8

I am looking for a good general purpose Levenshtein implementation in Javascript. It must be fast and be useful for short and long strings. It should also be used many times (hence the caching). The most important thing is that it calculates a plain simple Levenshtein distance. I came up with this:

var levenshtein = (function() {
    var row2 = [];
    return function(s1, s2) {
        if (s1 === s2) {
            return 0;
        } else {
            var s1_len = s1.length, s2_len = s2.length;
            if (s1_len && s2_len) {
                var i1 = 0, i2 = 0, a, b, c, c2, row = row2;
                while (i1 < s1_len)
                    row[i1] = ++i1;
                while (i2 < s2_len) {
                    c2 = s2.charCodeAt(i2);
                    a = i2;
                    ++i2;
                    b = i2;
                    for (i1 = 0; i1 < s1_len; ++i1) {
                        c = a + (s1.charCodeAt(i1) === c2 ? 0 : 1);
                        a = row[i1];
                        b = b < a ? (b < c ? b + 1 : c) : (a < c ? a + 1 : c);
                        row[i1] = b;
                    }
                }
                return b;
            } else {
                return s1_len + s2_len;
            }
        }
    };
})();

Now I have two questions:

Can this be faster? I know by writing out the first iteration of each loop one can gain about 20%.

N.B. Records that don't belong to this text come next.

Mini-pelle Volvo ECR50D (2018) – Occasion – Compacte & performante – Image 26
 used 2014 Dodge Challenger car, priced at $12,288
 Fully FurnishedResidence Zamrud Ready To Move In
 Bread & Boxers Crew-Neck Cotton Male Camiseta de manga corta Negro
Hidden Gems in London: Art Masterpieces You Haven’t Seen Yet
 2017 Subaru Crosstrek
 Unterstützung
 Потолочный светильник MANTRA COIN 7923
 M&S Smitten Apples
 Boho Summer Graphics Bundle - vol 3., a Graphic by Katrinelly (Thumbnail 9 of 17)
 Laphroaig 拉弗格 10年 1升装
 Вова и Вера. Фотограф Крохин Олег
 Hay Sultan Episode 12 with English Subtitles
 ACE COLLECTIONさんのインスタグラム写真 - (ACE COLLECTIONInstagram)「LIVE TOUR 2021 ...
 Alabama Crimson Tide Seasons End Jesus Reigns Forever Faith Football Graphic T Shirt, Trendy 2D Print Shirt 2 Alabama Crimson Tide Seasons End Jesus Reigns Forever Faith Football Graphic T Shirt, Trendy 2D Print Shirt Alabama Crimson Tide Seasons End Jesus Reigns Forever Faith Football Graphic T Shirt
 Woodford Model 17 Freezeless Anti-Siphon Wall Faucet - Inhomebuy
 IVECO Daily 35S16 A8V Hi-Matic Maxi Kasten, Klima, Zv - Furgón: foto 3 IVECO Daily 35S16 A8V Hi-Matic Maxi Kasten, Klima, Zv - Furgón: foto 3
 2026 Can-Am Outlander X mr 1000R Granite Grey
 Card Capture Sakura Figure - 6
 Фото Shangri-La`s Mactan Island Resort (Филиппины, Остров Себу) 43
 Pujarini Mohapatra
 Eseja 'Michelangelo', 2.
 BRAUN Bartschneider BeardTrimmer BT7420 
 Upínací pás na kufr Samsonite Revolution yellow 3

Is this code well written to serve as general purpose code, to be used in a library for instance?

Marco de Wit
  • 2,686
  • 18
  • 22
  • Also review this question http://stackoverflow.com/questions/11919065/sort-an-array-by-the-levenshtein-distance-with-best-performance-in-javascript/ – James Westgate May 20 '16 at 11:28

1 Answers1

14

We had a competition for fun at work about making the fastest levenshtein implementation and I came up with a faster one. First of all, I must say that it was not easy to beat your solution which was the fastest to find "out there". :)

This is tested with node.js and it my benchmarks results indicates that this implementation is ~15% faster on small texts (random words size 2-10 characters) and over twice as fast on longer texts (with lengths 30+ containing random characters)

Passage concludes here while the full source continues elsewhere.